> **DATASET EXCERPT**:
::::::

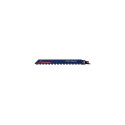 Bosch 2 608 900 414 jigsaw/scroll saw/reciprocating saw blade Sabre saw blade Carbide 1 pc(s)
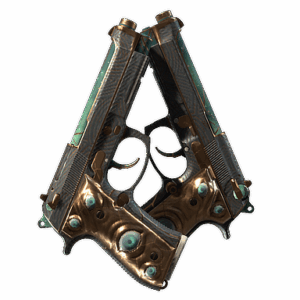 Dual Berettas | Angel Eyes (Field-Tested)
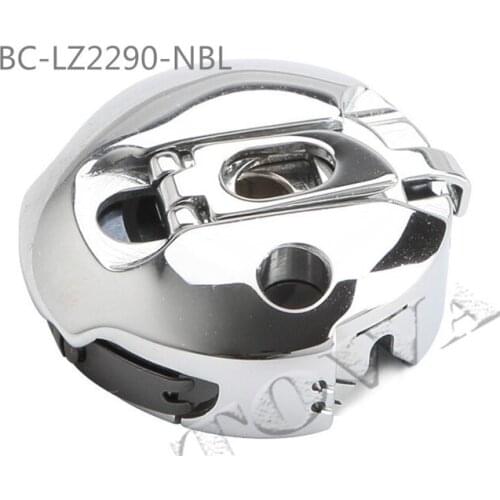 BC-LZ2290-NBL TOWA Bobbins case For Brother Janome Singer juki bernina brother adler pfaff yamaoto kansai elna Sewing Machine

::::::

> **TASK ITEM**:
Word for word, repeat only the lines from the line containing "Dual Berettas | Angel Eyes (Field-Tested)" through the end of the data, without any pictures.

> **FINAL ANSWER**:
 Dual Berettas | Angel Eyes (Field-Tested)
 BC-LZ2290-NBL TOWA Bobbins case For Brother Janome Singer juki bernina brother adler pfaff yamaoto kansai elna Sewing Machine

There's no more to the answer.